In our recent paper Scanning the Internet for Liveness, we presented a systematic analysis of liveness and how it shows up in active scanning campaigns. We developed a taxonomy of liveness which we employed to develop a method to perform concurrent IPv4 scans using ICMP, five TCP-based, and two UDP-based protocols, capturing all responses to our probes. Our key findings are:
- Responsive host populations are highly sensitive to the choice of probe. While ICMP discovers the highest number of raw IPs, our TCP and UDP measurements exclusively contribute a fifth to the total population of responsive hosts.
- Collecting ICMP Error messages for TCP and UDP scans increases the responsive population by more than 13%, and provides new opportunities to interpret scan results.
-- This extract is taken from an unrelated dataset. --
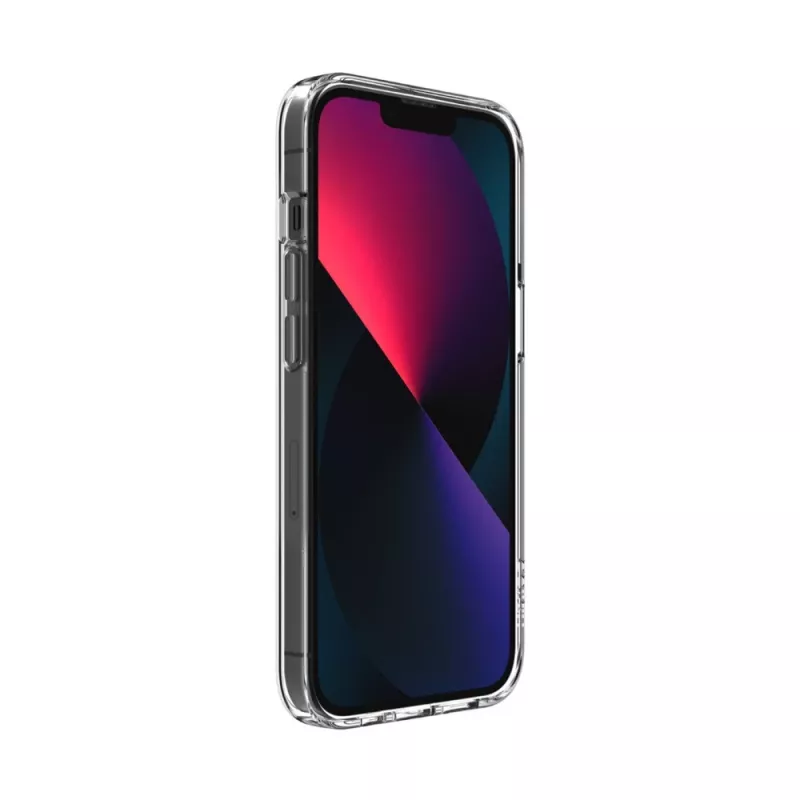 Dėklas SheerForce MagSafe Anty-mikrobiologic iPhone 13, permatomas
- At the transport layer, our concurrent measurements reveal that the majority of hosts exhibit inconsistent behaviour when probed on different ports, and that capturing negative responses significantly improves scanning completeness.
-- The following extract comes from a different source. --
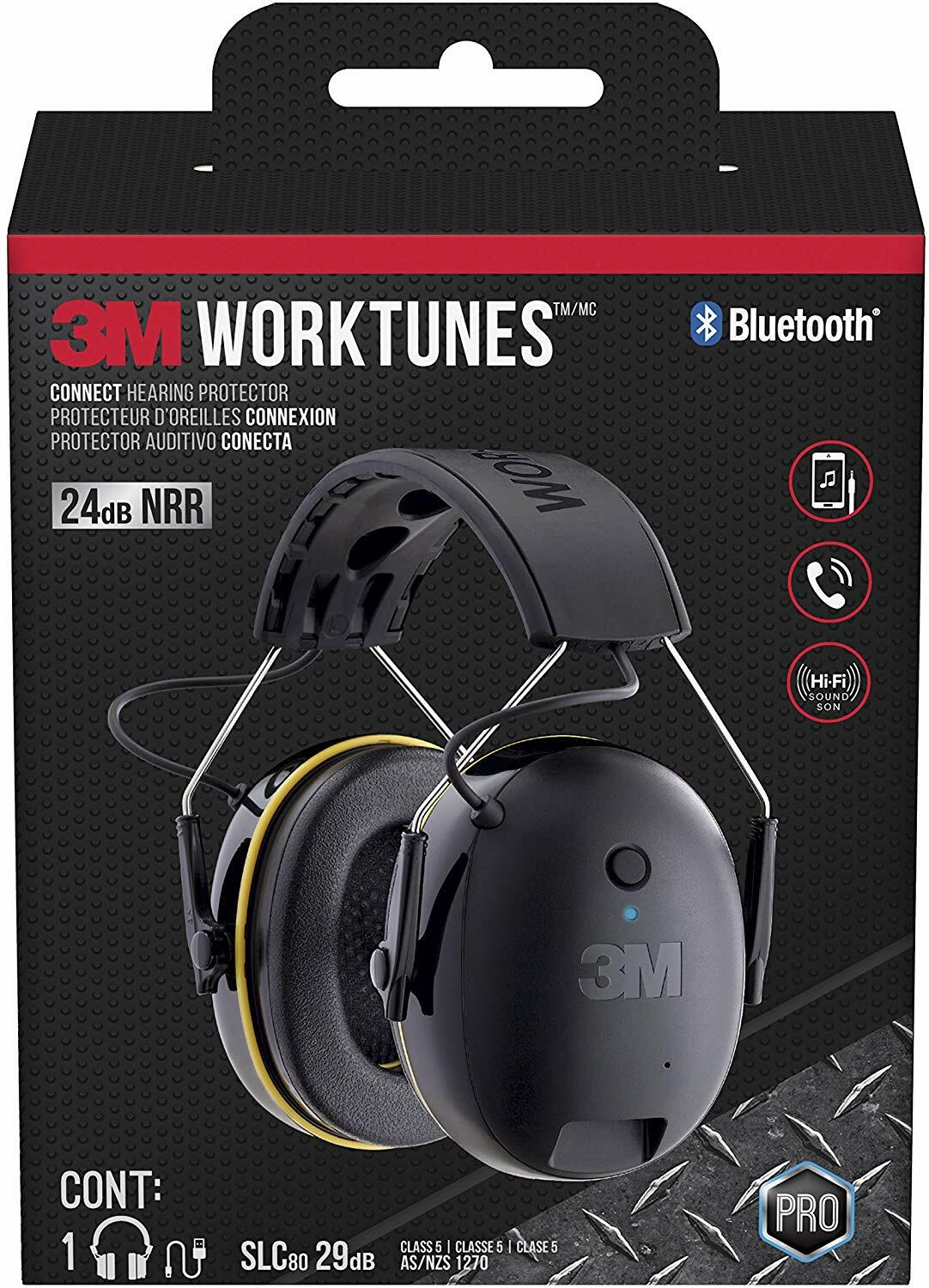 3M WORKTUNES Connect con tecnología Bluetooth 76308913267 | eBay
- Our concurrent scans allow us to identify nearly 2M tarpits (IPs masquerading as fake hosts) that would bias measurements that do not take them into account.
- Our study of cross-protocol liveness shows that responsiveness for some protocols is correlated, suggesting that the same seed set of responsive IP addresses can be potentially used to bootstrap multiple highly-correlated target populations to reduce scan traffic.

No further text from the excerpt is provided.